* [EXERCISE PROMPT]
Restate the whole of the data verbatim, omitting nothing.

* [INFORMATION GIVEN]
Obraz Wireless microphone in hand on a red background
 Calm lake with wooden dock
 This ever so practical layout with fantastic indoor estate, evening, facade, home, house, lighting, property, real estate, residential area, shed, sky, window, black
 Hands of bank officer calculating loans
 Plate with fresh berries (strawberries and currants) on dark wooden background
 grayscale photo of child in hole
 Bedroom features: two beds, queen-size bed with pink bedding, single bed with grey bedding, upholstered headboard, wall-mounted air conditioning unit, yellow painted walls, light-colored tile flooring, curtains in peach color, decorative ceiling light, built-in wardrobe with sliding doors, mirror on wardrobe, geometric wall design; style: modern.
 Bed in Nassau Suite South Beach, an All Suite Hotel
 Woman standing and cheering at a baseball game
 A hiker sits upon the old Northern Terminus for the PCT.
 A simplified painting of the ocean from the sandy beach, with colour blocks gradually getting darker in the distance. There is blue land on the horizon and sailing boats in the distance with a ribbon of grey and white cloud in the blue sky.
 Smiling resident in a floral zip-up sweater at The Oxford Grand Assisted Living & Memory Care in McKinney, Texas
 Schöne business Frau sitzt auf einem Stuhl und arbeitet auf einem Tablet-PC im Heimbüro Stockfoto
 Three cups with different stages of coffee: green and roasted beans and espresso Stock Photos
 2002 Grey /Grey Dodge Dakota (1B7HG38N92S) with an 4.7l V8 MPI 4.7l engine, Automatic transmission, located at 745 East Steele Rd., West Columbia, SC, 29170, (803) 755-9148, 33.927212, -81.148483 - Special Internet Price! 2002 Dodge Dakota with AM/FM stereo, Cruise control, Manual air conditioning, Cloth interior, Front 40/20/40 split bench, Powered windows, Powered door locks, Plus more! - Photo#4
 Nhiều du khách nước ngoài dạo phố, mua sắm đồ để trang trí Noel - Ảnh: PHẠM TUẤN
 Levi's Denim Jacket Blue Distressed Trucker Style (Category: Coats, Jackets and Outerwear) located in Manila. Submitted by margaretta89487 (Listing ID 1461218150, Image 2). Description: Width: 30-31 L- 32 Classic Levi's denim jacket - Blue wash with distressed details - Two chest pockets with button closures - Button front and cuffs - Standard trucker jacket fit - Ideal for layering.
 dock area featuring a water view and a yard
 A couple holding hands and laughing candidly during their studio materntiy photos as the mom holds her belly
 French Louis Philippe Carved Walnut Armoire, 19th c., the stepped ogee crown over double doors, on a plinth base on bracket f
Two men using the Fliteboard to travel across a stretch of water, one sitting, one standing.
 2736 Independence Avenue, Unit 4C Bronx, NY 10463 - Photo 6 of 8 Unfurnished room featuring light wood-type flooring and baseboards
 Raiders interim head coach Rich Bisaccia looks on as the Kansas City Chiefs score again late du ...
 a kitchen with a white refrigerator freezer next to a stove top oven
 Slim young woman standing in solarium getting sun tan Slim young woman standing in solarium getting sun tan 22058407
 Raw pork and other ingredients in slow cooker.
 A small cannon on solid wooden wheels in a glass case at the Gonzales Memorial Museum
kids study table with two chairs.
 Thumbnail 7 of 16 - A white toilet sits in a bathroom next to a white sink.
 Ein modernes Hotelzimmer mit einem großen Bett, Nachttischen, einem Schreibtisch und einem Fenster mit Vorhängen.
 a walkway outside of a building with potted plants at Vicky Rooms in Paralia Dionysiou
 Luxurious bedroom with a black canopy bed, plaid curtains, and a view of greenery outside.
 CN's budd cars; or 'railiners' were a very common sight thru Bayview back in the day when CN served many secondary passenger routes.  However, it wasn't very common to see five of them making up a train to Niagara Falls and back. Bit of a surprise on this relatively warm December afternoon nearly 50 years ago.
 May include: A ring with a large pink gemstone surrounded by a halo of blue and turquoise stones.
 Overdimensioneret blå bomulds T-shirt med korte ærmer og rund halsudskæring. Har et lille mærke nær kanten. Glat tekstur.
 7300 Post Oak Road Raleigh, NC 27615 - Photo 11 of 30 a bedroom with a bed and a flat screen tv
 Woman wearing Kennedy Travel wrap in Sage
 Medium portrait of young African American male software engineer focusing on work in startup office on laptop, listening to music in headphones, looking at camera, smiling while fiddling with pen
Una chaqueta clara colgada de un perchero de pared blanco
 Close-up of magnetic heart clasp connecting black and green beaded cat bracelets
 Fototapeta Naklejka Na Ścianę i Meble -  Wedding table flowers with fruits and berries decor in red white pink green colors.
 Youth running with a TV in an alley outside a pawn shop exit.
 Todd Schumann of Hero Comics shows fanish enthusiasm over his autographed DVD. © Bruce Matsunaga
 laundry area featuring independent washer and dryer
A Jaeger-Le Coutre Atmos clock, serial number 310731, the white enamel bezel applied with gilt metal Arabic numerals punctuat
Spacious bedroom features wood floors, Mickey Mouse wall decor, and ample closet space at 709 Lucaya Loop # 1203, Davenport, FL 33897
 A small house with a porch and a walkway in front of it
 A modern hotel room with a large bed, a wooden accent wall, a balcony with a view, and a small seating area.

* [ANSWER SPACE]
Obraz Wireless microphone in hand on a red background
 Calm lake with wooden dock
 This ever so practical layout with fantastic indoor estate, evening, facade, home, house, lighting, property, real estate, residential area, shed, sky, window, black
 Hands of bank officer calculating loans
 Plate with fresh berries (strawberries and currants) on dark wooden background
 grayscale photo of child in hole
 Bedroom features: two beds, queen-size bed with pink bedding, single bed with grey bedding, upholstered headboard, wall-mounted air conditioning unit, yellow painted walls, light-colored tile flooring, curtains in peach color, decorative ceiling light, built-in wardrobe with sliding doors, mirror on wardrobe, geometric wall design; style: modern.
 Bed in Nassau Suite South Beach, an All Suite Hotel
 Woman standing and cheering at a baseball game
 A hiker sits upon the old Northern Terminus for the PCT.
 A simplified painting of the ocean from the sandy beach, with colour blocks gradually getting darker in the distance. There is blue land on the horizon and sailing boats in the distance with a ribbon of grey and white cloud in the blue sky.
 Smiling resident in a floral zip-up sweater at The Oxford Grand Assisted Living & Memory Care in McKinney, Texas
 Schöne business Frau sitzt auf einem Stuhl und arbeitet auf einem Tablet-PC im Heimbüro Stockfoto
 Three cups with different stages of coffee: green and roasted beans and espresso Stock Photos
 2002 Grey /Grey Dodge Dakota (1B7HG38N92S) with an 4.7l V8 MPI 4.7l engine, Automatic transmission, located at 745 East Steele Rd., West Columbia, SC, 29170, (803) 755-9148, 33.927212, -81.148483 - Special Internet Price! 2002 Dodge Dakota with AM/FM stereo, Cruise control, Manual air conditioning, Cloth interior, Front 40/20/40 split bench, Powered windows, Powered door locks, Plus more! - Photo#4
 Nhiều du khách nước ngoài dạo phố, mua sắm đồ để trang trí Noel - Ảnh: PHẠM TUẤN
 Levi's Denim Jacket Blue Distressed Trucker Style (Category: Coats, Jackets and Outerwear) located in Manila. Submitted by margaretta89487 (Listing ID 1461218150, Image 2). Description: Width: 30-31 L- 32 Classic Levi's denim jacket - Blue wash with distressed details - Two chest pockets with button closures - Button front and cuffs - Standard trucker jacket fit - Ideal for layering.
 dock area featuring a water view and a yard
 A couple holding hands and laughing candidly during their studio materntiy photos as the mom holds her belly
 French Louis Philippe Carved Walnut Armoire, 19th c., the stepped ogee crown over double doors, on a plinth base on bracket f
Two men using the Fliteboard to travel across a stretch of water, one sitting, one standing.
 2736 Independence Avenue, Unit 4C Bronx, NY 10463 - Photo 6 of 8 Unfurnished room featuring light wood-type flooring and baseboards
 Raiders interim head coach Rich Bisaccia looks on as the Kansas City Chiefs score again late du ...
 a kitchen with a white refrigerator freezer next to a stove top oven
 Slim young woman standing in solarium getting sun tan Slim young woman standing in solarium getting sun tan 22058407
 Raw pork and other ingredients in slow cooker.
 A small cannon on solid wooden wheels in a glass case at the Gonzales Memorial Museum
kids study table with two chairs.
 Thumbnail 7 of 16 - A white toilet sits in a bathroom next to a white sink.
 Ein modernes Hotelzimmer mit einem großen Bett, Nachttischen, einem Schreibtisch und einem Fenster mit Vorhängen.
 a walkway outside of a building with potted plants at Vicky Rooms in Paralia Dionysiou
 Luxurious bedroom with a black canopy bed, plaid curtains, and a view of greenery outside.
 CN's budd cars; or 'railiners' were a very common sight thru Bayview back in the day when CN served many secondary passenger routes.  However, it wasn't very common to see five of them making up a train to Niagara Falls and back. Bit of a surprise on this relatively warm December afternoon nearly 50 years ago.
 May include: A ring with a large pink gemstone surrounded by a halo of blue and turquoise stones.
 Overdimensioneret blå bomulds T-shirt med korte ærmer og rund halsudskæring. Har et lille mærke nær kanten. Glat tekstur.
 7300 Post Oak Road Raleigh, NC 27615 - Photo 11 of 30 a bedroom with a bed and a flat screen tv
 Woman wearing Kennedy Travel wrap in Sage
 Medium portrait of young African American male software engineer focusing on work in startup office on laptop, listening to music in headphones, looking at camera, smiling while fiddling with pen
Una chaqueta clara colgada de un perchero de pared blanco
 Close-up of magnetic heart clasp connecting black and green beaded cat bracelets
 Fototapeta Naklejka Na Ścianę i Meble -  Wedding table flowers with fruits and berries decor in red white pink green colors.
 Youth running with a TV in an alley outside a pawn shop exit.
 Todd Schumann of Hero Comics shows fanish enthusiasm over his autographed DVD. © Bruce Matsunaga
 laundry area featuring independent washer and dryer
A Jaeger-Le Coutre Atmos clock, serial number 310731, the white enamel bezel applied with gilt metal Arabic numerals punctuat
Spacious bedroom features wood floors, Mickey Mouse wall decor, and ample closet space at 709 Lucaya Loop # 1203, Davenport, FL 33897
 A small house with a porch and a walkway in front of it
 A modern hotel room with a large bed, a wooden accent wall, a balcony with a view, and a small seating area.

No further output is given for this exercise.